For many years, private foundations in the U.S. have been required to include lists of grants made in their annual filings to the Internal Revenue Service. However, because of filing deadlines as well as return preparation and digitization timelines, the lag between when a grant is approved and when the general public finds out about it can sometimes stretch to 18 months or more. In the annual filings, descriptions are also brief, often without key information like the location where funded activities take place. As a result, the purpose behind the grants can be opaque and making comparisons across foundations and over the course of years is challenging.
Over the last two years, the 15 participating foundations -- together with the Foundation Center -- have worked together to tackle these problems. Each organization has needed to reexamine policies, business processes, coding procedures, technical capabilities, and even culture. This is only a first step; we hope this effort lays the groundwork for further improvements in the precision and availability of information about grantmaking in the U.S.
Of course, widening the availability of grant data doesn't supplant the value of robust web sites, blogs, or the use of social media.
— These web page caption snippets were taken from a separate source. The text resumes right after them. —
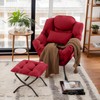 Furlide Lazy Chair with Ottoman, Comfy Fabric Accent Lounge Armchair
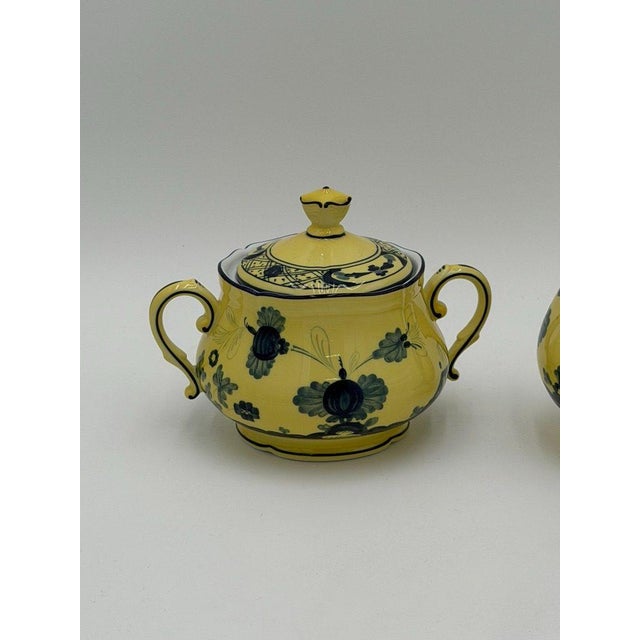 Early 21st Century Ginori 1735 Oriente Italiano Citrono Covered Sugar Bowl and Creamer For Sale - Image 5 of 18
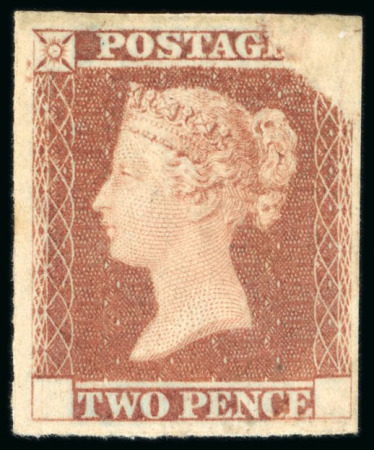 Stamp of Great Britain » Line Engraved Essays, Plate Proofs, Colour Trials and Reprints 1841 2d red-brown trial printing on "Dickinson" silk thread paper with void corner and letter squares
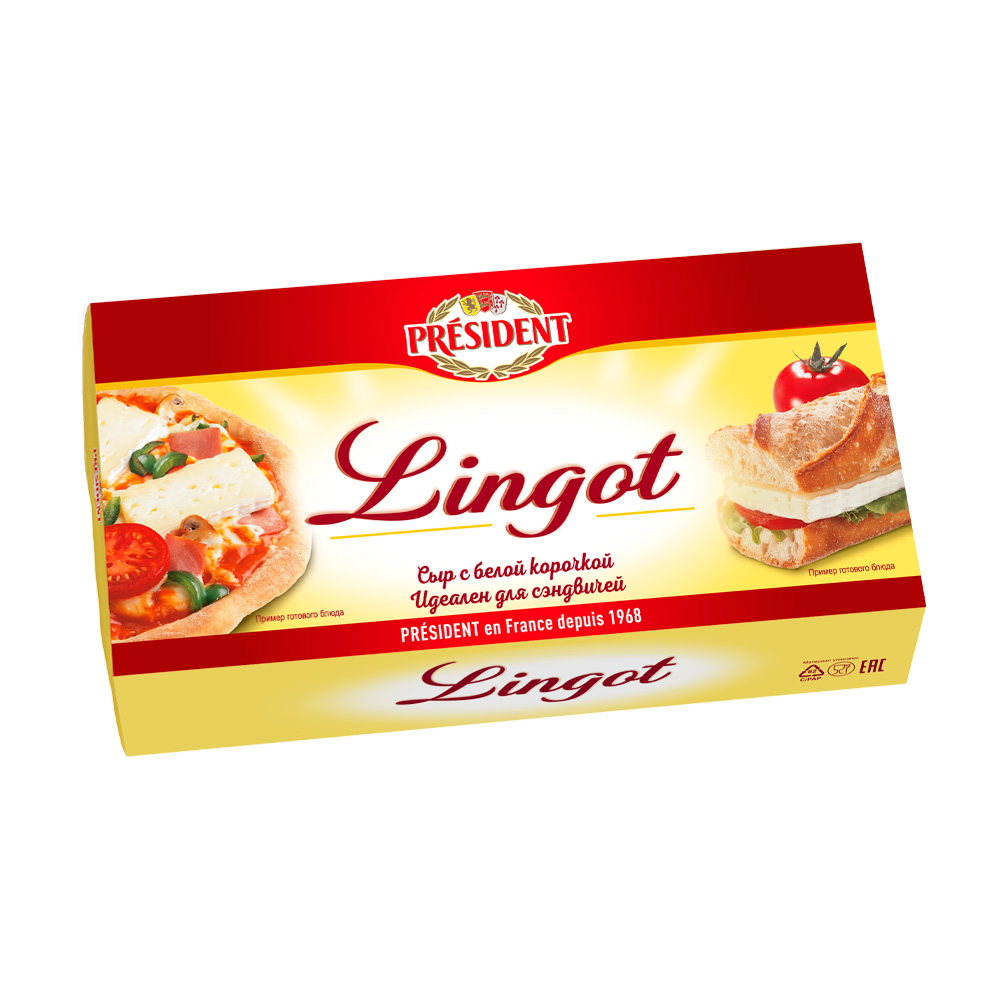 Изображение товара President Lingot Белая плесень 60% мягкий сыр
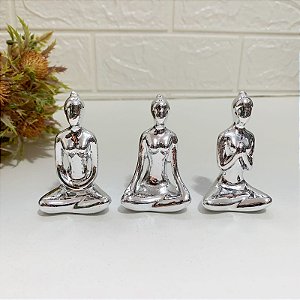 Conjunto de 03 pçs Yoga Porcelana 6cm - Prata
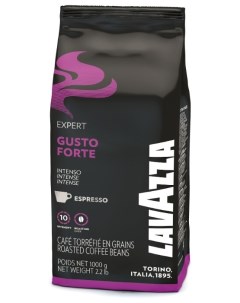 Кофе в зернах Gusto Forte Expert 1 кг темная обжарка 100 робуста 2868 Lavazza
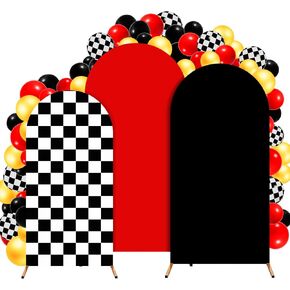 Arch Backdrop Cover Set of 3 (6/6.6/7.2FT) Monster Truck Birthday Party Decorations Cars Racing Themed Arch Cover Spandex Fitted Covers for Kid Boys Let's Go Racing Party Supplies in Kuwait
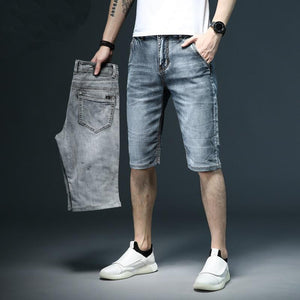 Men's Mid Waist Plain Button Zipper Pocket Denim Slim Shorts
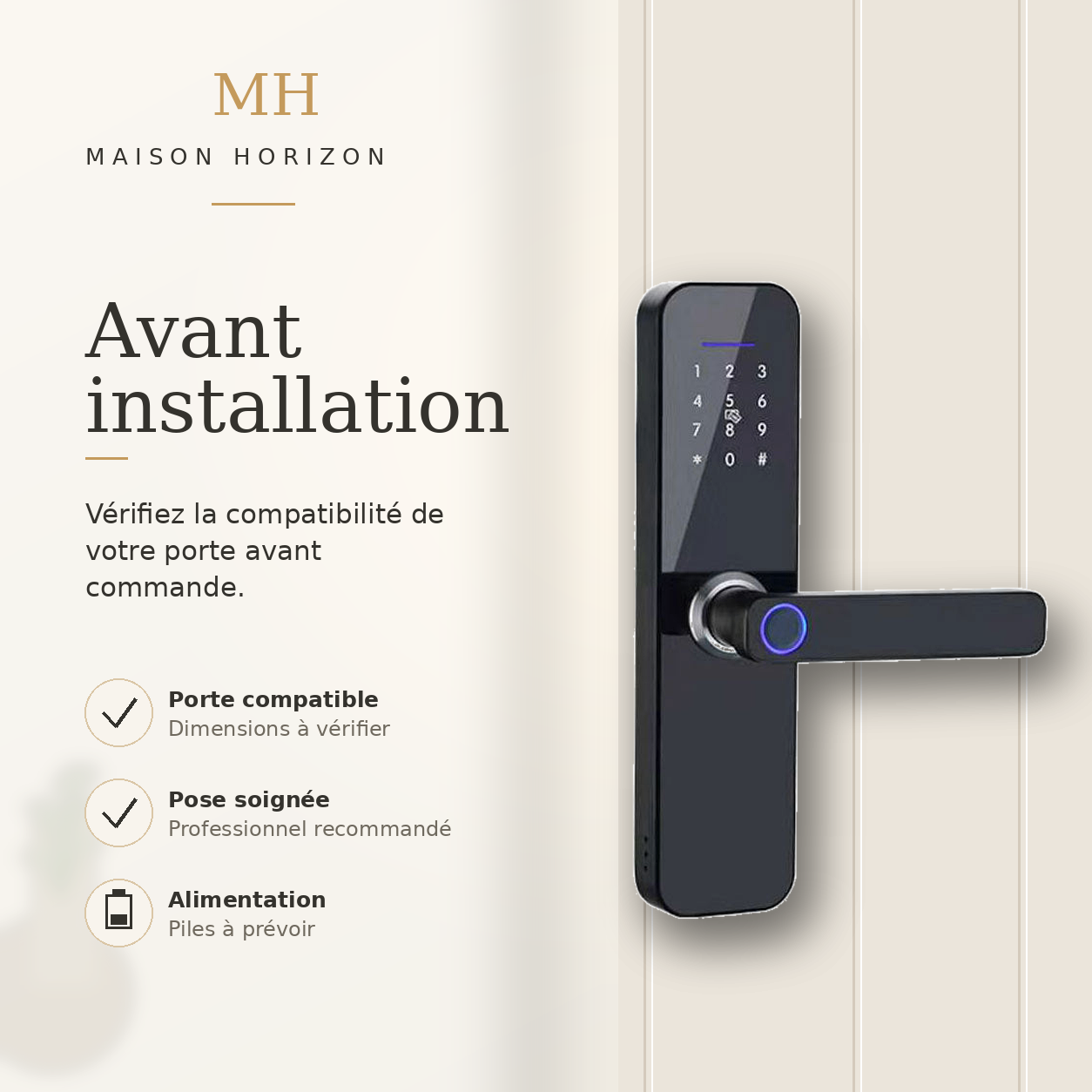 Serrure connectée Maison Horizon avant installation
The pressures to collect, organize, and publish information also bring additional costs and burdens -- for foundations, but also our grantees and partners. These are important considerations. The relative absence of standard ways of reporting grants or the results of activities makes all this especially challenging.
That's why last week we were also excited to announce our new "Markets for Good" effort , with our partners at the William & Flora Hewlett Foundation and the progressive financial firm LiquidNet. In many ways, the new Reporting Commitment is a great illustration of what the Markets for Good initiative seeks to accelerate: easier and better ways for social sector organizations to get, share, and use information that contributes to improving lives and communities. Check out the video and join the conversation.
We are going through exciting times - when “Big Data,” “Open Data,” and social media are revealing a path to new ways of working together in the social sector. With the Reporting Commitment announced today, we are taking one more step down that path.
--Darin McKeever
All the big foundations are required to efile their Form 990 to the IRS, but the IRS only makes bitmap images of the returns available. (Basically, they print your data onto a form then take a photograph of the form.)
It would be wonderful if the big foundations would make the electronic version of their Form 990s available. That would allow developers to work the data much more effectively and would also set a great example that others might follow. Perhaps the IRS could even be convinced to release all e-file data if you help lead the way.